Industry 4.0: Flexible, reactive and very digital

13 February 2018
DMT4.0
Increasingly automated sites, interconnected machines, systems and products, “modules” capable of adapting themselves practically in real-time to consumer demands: digital transformation in industry, particularly dynamic in Germany, has established itself as a vital economic issue. Although humans will not be removed entirely from the equation, their roles will evolve extensively. Explanations and examples with Pierre-Sylvain Roos, expert on these subjects within the Group.
How did the concepts of the factory of the future and Industry 4.0 emerge?

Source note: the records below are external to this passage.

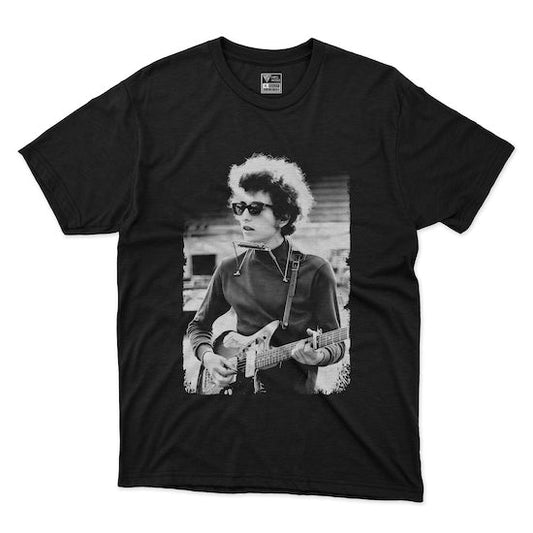 Polera Bob Dylan 03 - Hipgnosis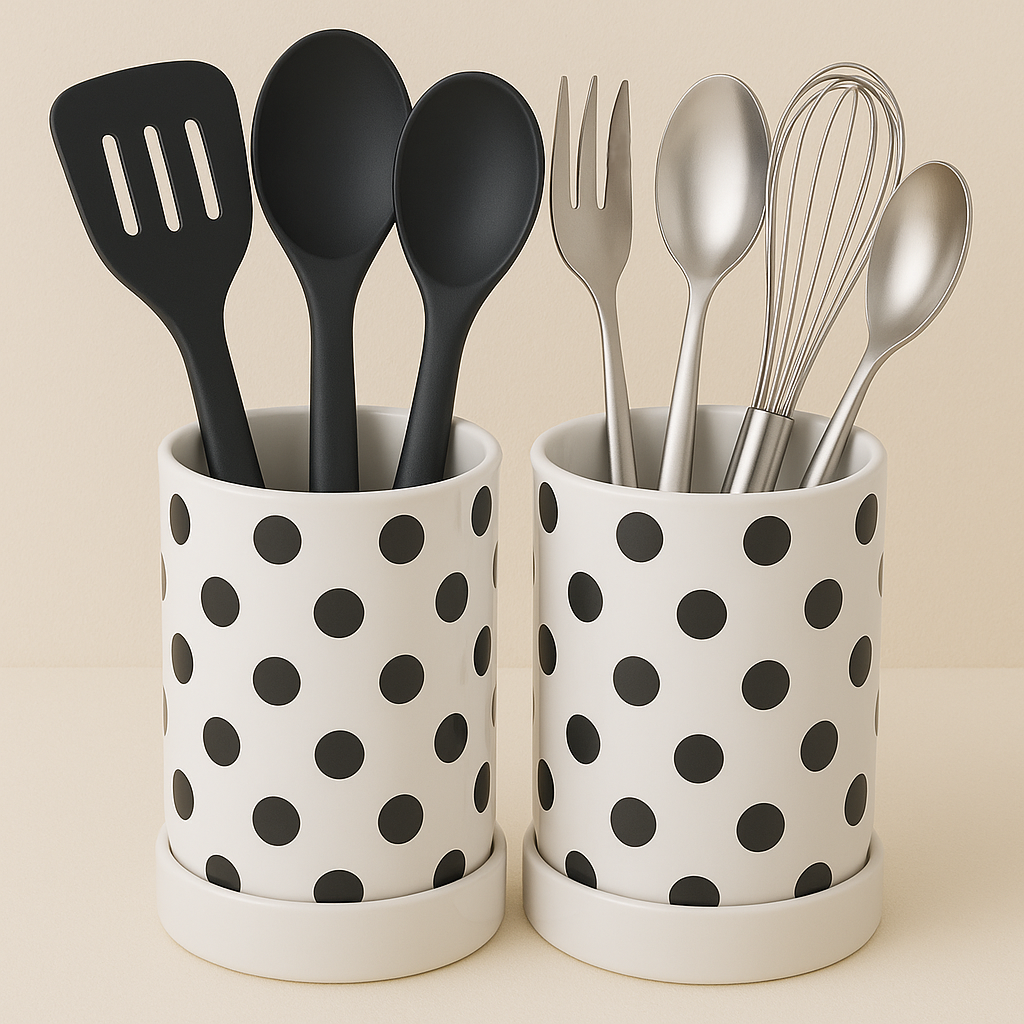 Kitchen Utensil Holders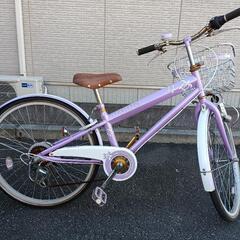 子供用自転車 24インチ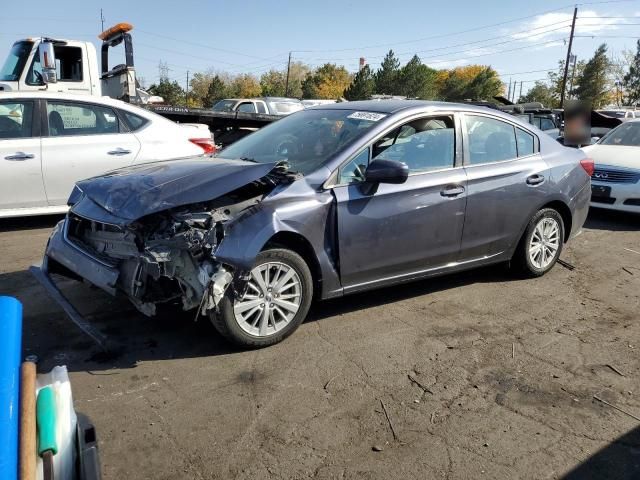 2017 Subaru Impreza Premium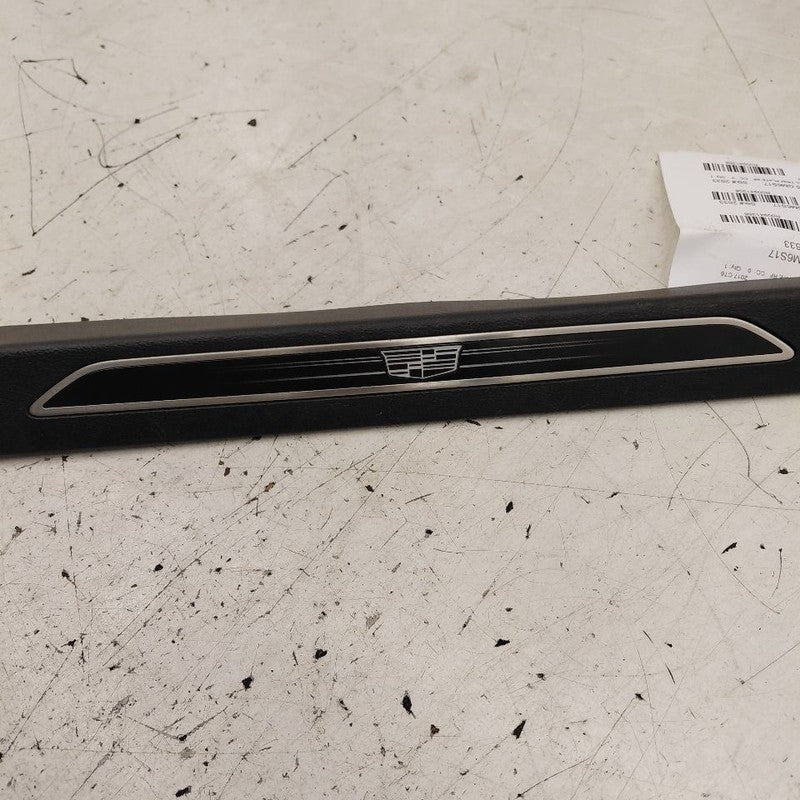 Cadillac CT6 Sill Trim Plate Door Jam Threshold Right Passenger Front 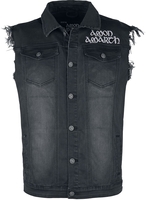 Amon Amarth - EMP Signature Collection - Vest - Mannen - zwart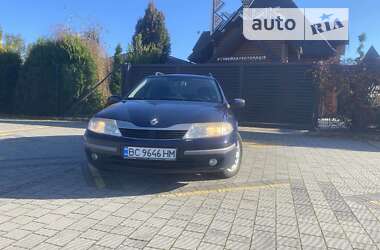 Універсал Renault Laguna 2003 в Стрию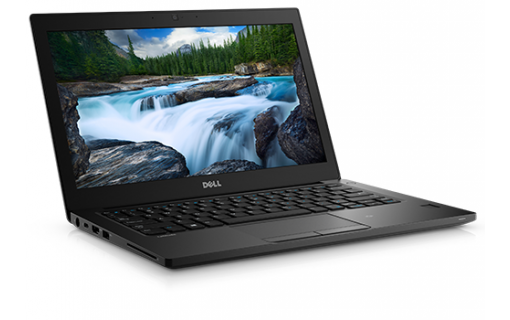 Ноутбук Dell Latitude 7280-Intel Core-I5-7300U-2.6GHz-16Gb-DDR4-256Gb-SSD-W12.5-IPS-Touch-FHD-Web-(B)-Б/В
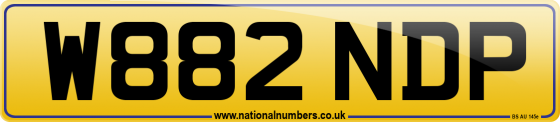W882 NDP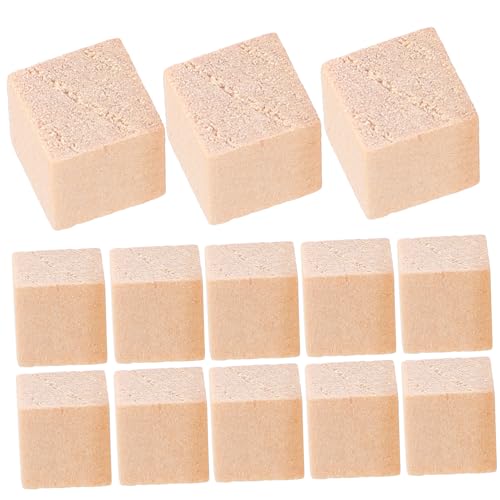TOYANDONA Nanu Spiel Wooden Blocks Unvollendete Holzbausteine Für DIY Bauklötze Aus Pädagogisches Zur Der Kreativität Und Motorischen Fähigkeiten Große Würfel Zum Bauen Und TOYANDONA Nanu Spiel Wooden Blocks Unvollendete Holzbausteine Für DIY Bauklötze Aus Pädagogisches Zur Der Kreativität Und Motorischen Fähigkeiten Große Würfel Zum Bauen Und von TOYANDONA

The movement began at the start of the 2010s with the Germans. They wanted to react to the increasing power of the Internet’s major players, in which they see a threat to their industrial fabric. It is true that strengthened by their investment capacity, their mastery of the value chain and their access to a colossal number of clients, the giants of the digital economy potentially appear to be formidable competitors.

Two German industrial companies are pioneers in this field: Siemens and Bosch Rexroth are practically the only two actors in the world that are capable of building a smart factory from start to finish, i.e., completely automating production while integrating all the technological components available today. These two companies have “showcase” smart factories (in Amberg for Siemens, in Hamburg for Bosch Rexroth) and work in partnership with SAP, a German software company.

Why are we talking about a new generation of factories?

Because a lot of software intelligence is introduced in production, and especially because the smart factory is less and less an independent unit and more and more a component of a global value chain that integrates clients, partners, other production sites, etc.

The general idea is to make industrial tools much more flexible, with modular and adaptable chains able to deliver personalised products. This means that there is no longer any centralised planning of processes or product lines.

With regard to “traditional” production methods, in which one makes a certain number of copies that one endeavours then to sell, the ambition is that the client becomes the principal and starts the product’s lifecycle.  

Concretely, how is this made possible?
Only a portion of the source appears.